Birds and supplies can be purchased at Chinese pet markets, with common East Asian breeds such as Hwamei(画眉), Magpie (喜鹊), and Green Singer Finch. The price ranges from $40 to $1000, depending on the bird.
More than just personal pets, they play a meaningful part in their social lives. At the park, the men not only exchange information and insights about birds, but also catch up with recent news and talk about family and work.
Philip moved from Vietnam to the United States some 40 years ago, when he was 15. Aviculture was a familiar hobby from his native country, a common local leisure activity as popular as singing or dancing. He proudly showed me his Shama (长尾四喜), a dark long-tailed bird originally from Singapore, which was unafraid and sang charmingly.
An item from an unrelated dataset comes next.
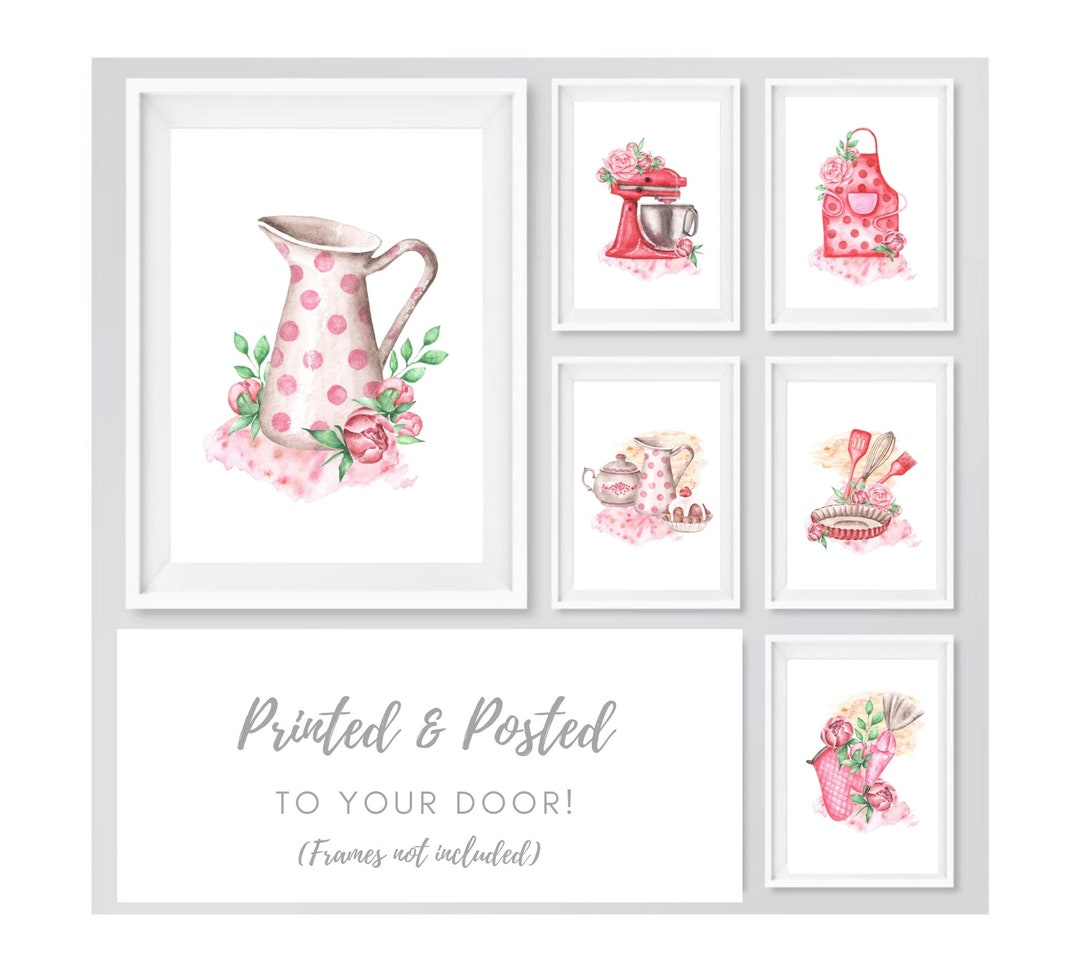 Kitchen Prints, Kitchen Wall Art, Pink and Red Kitchen Print, Vintage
Others started the practice once they had already immigrated to the United States. Hong, the restaurant worker, began his collection in 2008. Despite having a fascination with birds since childhood, he was never allowed to own one by his parents due to hygiene concerns. “Now I am the boss and I can do what I want,” Hong said, pointing to his five bird cages containing four Green Singers (黄额司雀) and a mixed breed bird.
Jack also had not practiced aviculture before moving from Cambodia to here about a decade ago. This is the fourth year of his practice of aviculture. “As a beginner, I haven’t reached the level to say which bird is better than the other yet. You have to consider many things like its pitch, loudness, size, feather, and beauty of the voice,” Jack said. From a plastic bag, he pulled out a pair of long metallic tweezers and a plastic box containing many small worms and grasshoppers. He took out a tiny baby bird by hand from the cage and fed a worm or a grasshopper into its beak with the tweezers. Then he dipped a small paintbrush into water and fed it to the bird. Finally, he mixed the yellow nutrition powder bought at pet market with warm water, and injected some into the bird’s beak with care. “It’s very troublesome and time consuming to care for young birds,” Jack said. He also told me newborn birds had to be fed manually for more than 10 or 20 times a day during the first two weeks to prevent them from dying of hunger or dehydration.
Despite all of the work, I notice all the collectors used the word “play” in Chinese to refer to the practice of aviculture. Jack took a break from feeding the baby to explain: “I play because it’s a way for me to release stress and meet old friends.”